Il a commencée au début des années cinquante par cette petite fanfare, en 53 si je me trompes, puis après avoir développé la première partie, en a interrompu quelques temps la composition pour exécuter d’autre tâches, et il l’a terminée en 57, année où le ballet a été créé à New-York. Cela a été la charnière vers cette période de sa production qu’on appelle sérielle. Il avait déjà fait avant cela des choses qui avaient un caractère sériel mais pas chromatique : des canons avec des renversements etc. mais cela les musiciens du 15ème siècle le faisaient aussi. A partir de là, il n’a plus écrit que de la musique avec des séries – mais à sa façon, c’est toujours resté du Stravinsky.
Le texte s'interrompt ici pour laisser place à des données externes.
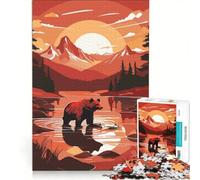 Puzzle da 1000 pezzi per adulti con orso grizzly che pesca, gioco educativo, difficile, ideale come regalo di compleanno o per occasioni speciali 50x75cm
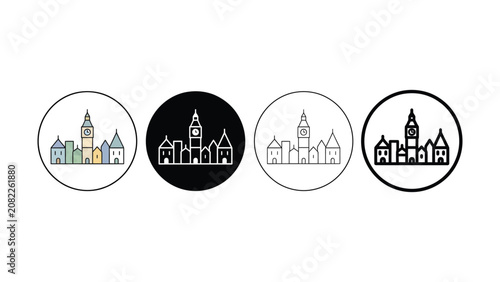 Canvas Print Set of four vector city skyline icons featuring a prominent clock tower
ce que vous dites là est très différent de ce que l’on dit généralement de Stravinsky

C’est Robert Craft, son assistant qui était chef d’orchestre et a réalisé les célèbres entretiens, qui au début des années 50 avait réalisé le premier enregistrement à peu près intégral des (d’ailleurs peu nombreuses) œuvres de Webern et a donc révéla cela à son maître. En 71, quand Stravinsky est mort, j’ai écrit un grand texte où je développe ce que je viens de vous dire, en l’analysant d’assez près. Cela a été publié en français et en anglais – dans Musique en Jeu n°4/5 et dans Perspectives of New Music, à New York. Cela se termine d’ailleurs par un poème que j’avais écrit pour Stravinsky pour ses quatre-vingts ans et qui s’intitulait AVOEU.

l’avez-vous rencontré ?

On a eu des contacts mais on ne s’est jamais rencontré. Nous nous étions écrit plusieurs fois et on voulait se voir aux Etats-Unis mais il était déjà très malade et le rendez-vous a dû être supprimé. Je lui avais envoyé un jour une œuvre pour piano de 64-66 qui s’appelle Apostrophe et six Réflexions, dès qu’elle a été imprimée chez Universal (à Vienne). Il m’a répondu : vous êtes tombé juste le jour de mon anniversaire et comme ce n’est pas un chiffre rond, il n’y a pas beaucoup de manifestations, j’ai été très content que vous m’envoyez cela, j’aime beaucoup cette musique… ça m’a fait plaisir, oh la la …et la petite carte de réponse à mon poème, je l’ai gardée encadrée pendant longtemps…(rires) Mais c’était Boulez qui lui avait remis mon texte et donc j’ai mis ce poème à la fin de l’article. Celui-ci commence par une critique des conceptions qu’on a eues jusqu’alors de l’harmonie de Stravinsky, et qui consistent à dire : c’est une harmonie traditionnelle avec des fausses notes… (rires). Même Paul Collard et même Boulez dans ses écrits de jeunesse, en tout cas. Il a écrit un très bel article sur le Sacre mais qui étudie surtout le rythme. Au niveau harmonique, il ne va pas loin…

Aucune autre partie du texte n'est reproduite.